Forest Park Coach Dan Jones, formerly the coach at Osbourn Park, believes the Yellow Jackets deserve the attention they've received.

"We were probably recognized after [beating OP] as the top team in the area, and I think we deserved that," Jones said. "But then we struggled the middle part of the season [with losses to Fauquier and Colonial Forge], so I think without the two players we lost, [observers thought] maybe they aren't the team that everyone thought they were.

"I think it took awhile for us just to find out who we were with that [new] group, rather than the group with the other two players. I think we're a team that you have to take notice of now."

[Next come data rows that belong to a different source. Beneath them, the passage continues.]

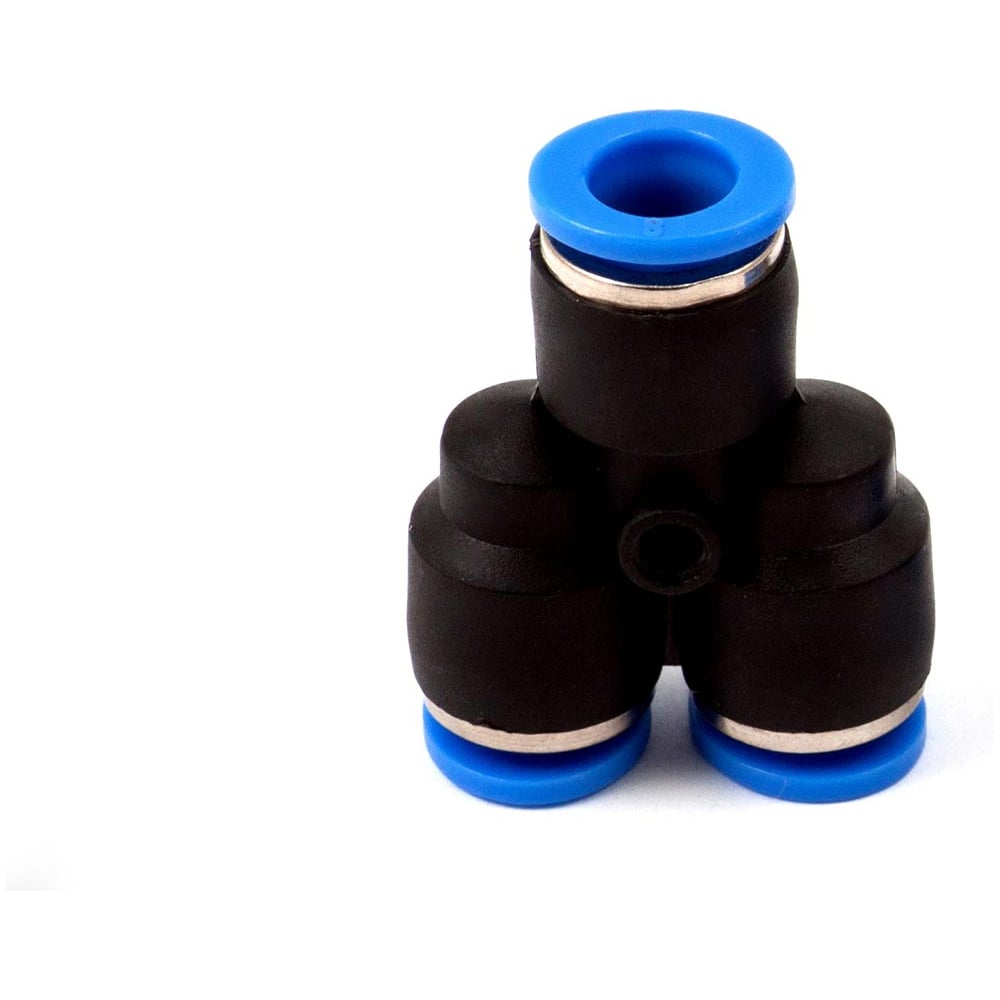 Изображение товара Фитинг пневматический цанговый пластиковый Y-образный HIMPT PY 8 10 шт 00-00026781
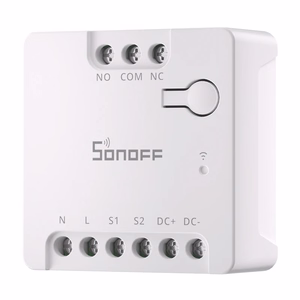 SONOFF MINI-D išmanusis WiFi Matter jungiklis (AC/DC 12-48V, sausas kontaktas)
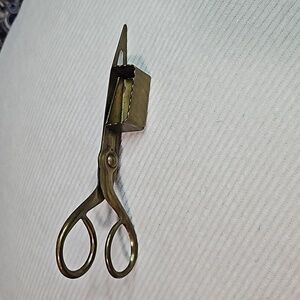 Vintage 1857 Brass Candle Wick Scissors Snuffer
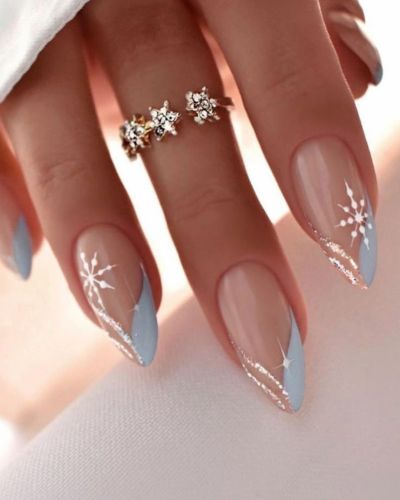 Snowflakes sobre base nude 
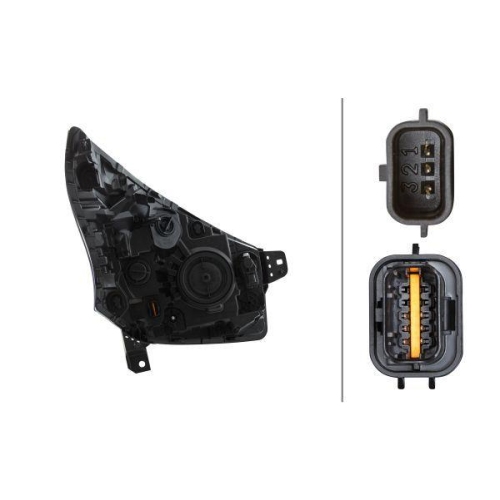 HELLA Hauptscheinwerfer 1LE 011 410-431 f&uuml;r RENAULT, links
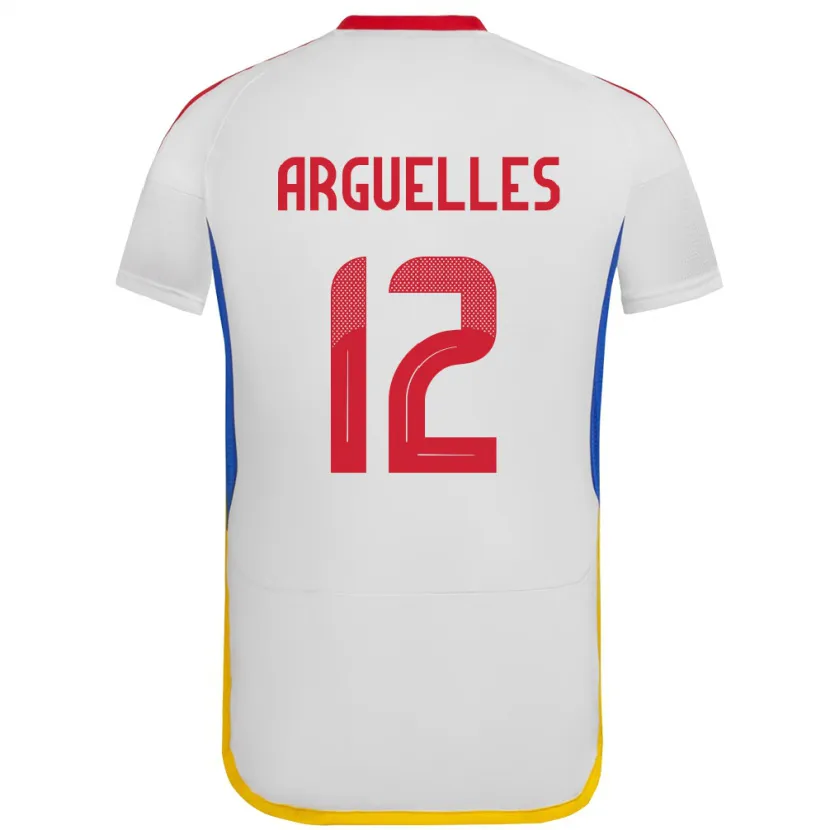 Danxen Barn Venezuela Wilmary Argüelles #12 Vit Bortatröja Matchtröjor 24-26 Tröjor T-Tröja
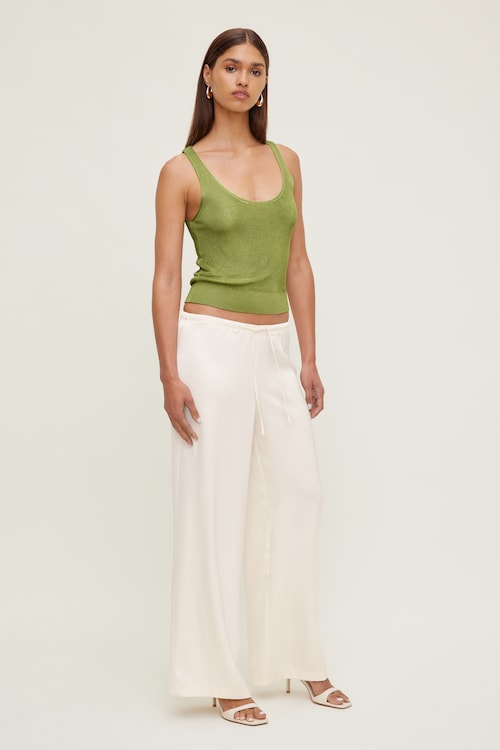 High Shine Sweater Tank Top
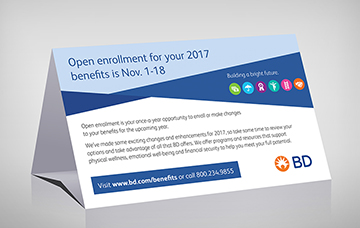 Open Enrollment Table Tent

Both Forest Park (15-2) and Osbourn Park (14-3) knocked off Douglas Freeman, the state's previous No. 1 team, last weekend at a four-team event in Richmond.

Forest Park's string of three straight state berths -- including the 2003 Virginia AAA title -- was snapped last season when the Bruins had to forfeit their Northwestern Region quarterfinal victory over Stonewall Jackson for using an academically ineligible player. If they are to return to states, it could well be at the expense of Osbourn Park, since the teams would likely meet in the region semifinals.

Hylton Coach Karen Mays, for one, steered clear of predicting a winner of that possible matchup.

"I tell you, they both are really consistent," she said. "They both have great ball control. To be honest with you, I really think it's a toss-up. . . . I wouldn't dare predict who I think is going to win because I respect both teams so much and they're both so talented."

Bondje, a senior, might return by the postseason, although Jones said he is not counting on it. Her availability would strengthen the already retailored team. Goss, a junior, will not return this season.

"I feel strong," Bondje said Thursday night. "I feel great. I run around. I jump and stuff."

Grimm, for one, is not surprised that the Bruins have been able to reinvent themselves on the fly after losing two key players.

"Even with Katie and Sasha on the court, we knew that we could all be subbed at any time because we have strong players on our bench," Grimm said. "I think it shows that we develop every player, not just the ones that start on the court."

Jones agreed: "The group that we have is pretty good, and we can accomplish a lot of our goals with that group. Maybe all of them."

Forest Park's Amy Trykowski leaps high to spike a ball past a Stonewall Jackson defender. Despite injuries, the Bruins have lost just twice.